Troubleshooting NSX Host Agents
search cancel

Troubleshooting NSX Host Agents

book

Article ID: 381955

calendar_today

Updated On:

Products

VMware NSX VMware NSX-T Data Center

Issue/Introduction

  • NSX host agents that run at the user world layer on the ESXi host to facilitate the realization of logical switch ports and the associated configurations/properties by interacting with components on the NSX unified appliance, as well as other components on the ESXi host such as kernel modules, vSphere libraries, and non NSX agents.
  • NSX agents include nsx-proxy, nsx-nestdb, nsx-cfgagent, nsx-opsagent, nsx-sfhc
  • If one or more agents are in "stopped" state, host transport nodes may come up as "Host Disconnected" in NSX UI, or you may observe issues with vMotions or connecting the VM vNICs. 

Environment

VMware NSX
VMware NSX-T Data Center

Resolution

  1. Host Agent Overview:

There are 3 Agents whose status is tracked in the NSX UI:

nsx-cfgagent     ← Interacts with dataplane modules like VDL2, KCP, and DFW

When stopped, Host appears Down in UI

nsx-opsagent    ← Includes nsx-da (inventory discovery agent which communicates with nestdb) and nsxa (deals with host switch related operations) 

When stopped, Host appears Down in UI

nsx-nestdb       ← Stores desired state from control plane and runtime state info from dataplane

When stopped, controller connectivity will be Down and 'get controllers' returns 'Failed to get controller list'.

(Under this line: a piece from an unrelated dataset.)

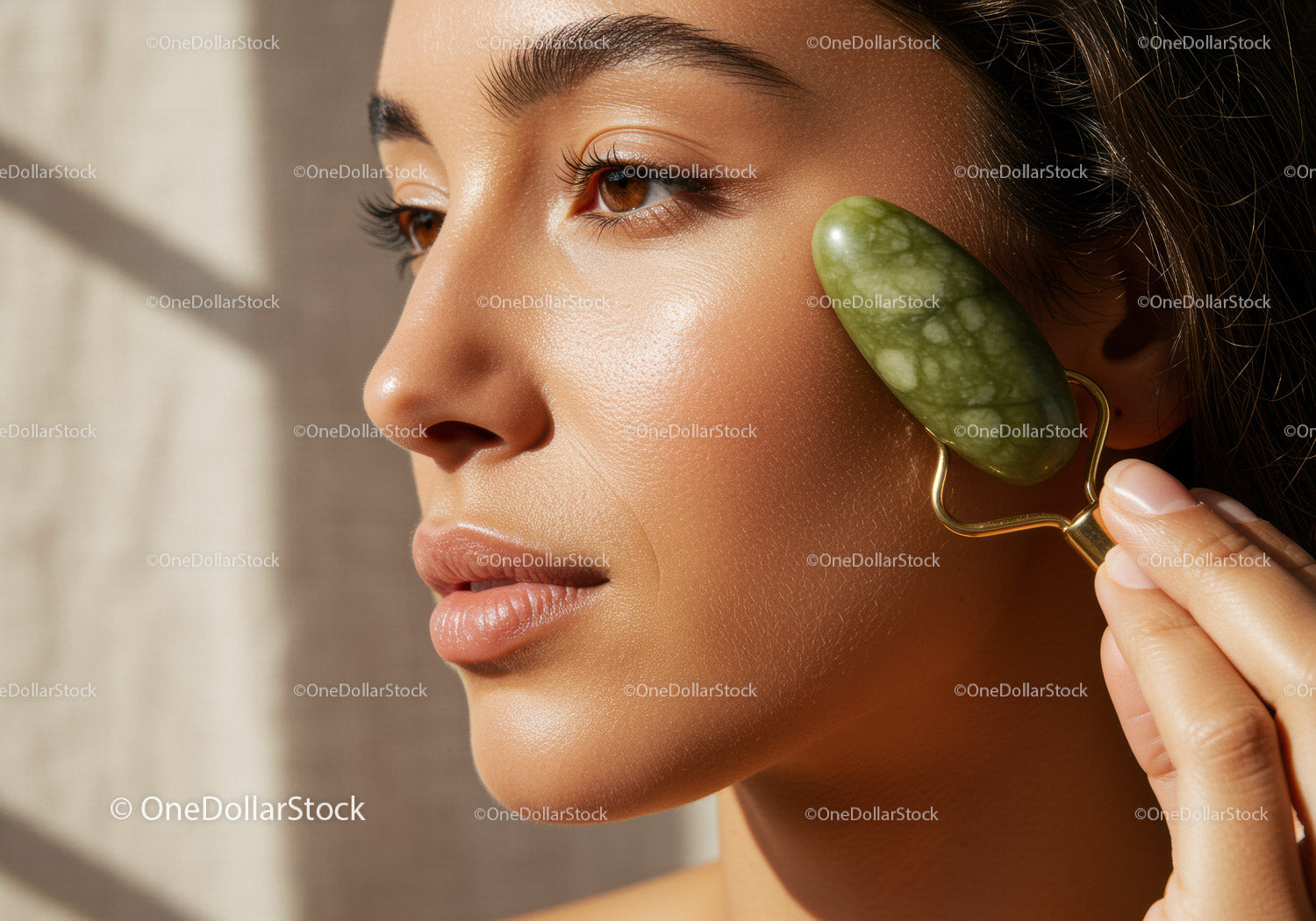 Close-up of Woman Using Jade Roller on Face in Natural Light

Other agents which are not tracked in UI "Agent Status" pane, and what happens when they are stopped:

nsx-proxy      ← Interacts with both Policy and CCP on the NSX manager, and nsx-opsagent and nsx-nestdb on host

When stopped, NSX Configuration is listed as "Host Disconnected". Manager connectivity is Down, and Agent Status is not reported.

nsx-sfhc         ← This is the installation agent for NSX deployment that communicates with MP

When stopped, UI shows host with status "Install Failed" and View Details is not available. 

2. Agent Status

 In the 3,2.2+ NSX UI, Host Agent Status for 3 agents is viewed at: System > Fabric > Hosts > View Details on the Host > Monitor > Agent Status

 If one Agent (opsagent, cfgagent, nestdb) is stopped, the Host's overall Status will show as Down

           Kindly check the Agent Using the The REST API to retrieve the status of the Transport Node display

               GET api/v1/transport-nodes/{TRANSPORT_NODE_ID}/status

3. Commands: To manage agent service from ESX command line:   /etc/init.d/<service name> status/stop/start

'esxcli network ip connection list | grep 1234' and 'esxcli network ip connection list | grep 1235' will show connections to the Managers and Controller with World Name of 'nsx-proxy'     ←  If nsx-proxy is stopped, these connections will not be listed

4. Logs: nsx-proxy logs are in nsx-syslog.log. This will show logging for the the nsx-proxy agent connection to the managers.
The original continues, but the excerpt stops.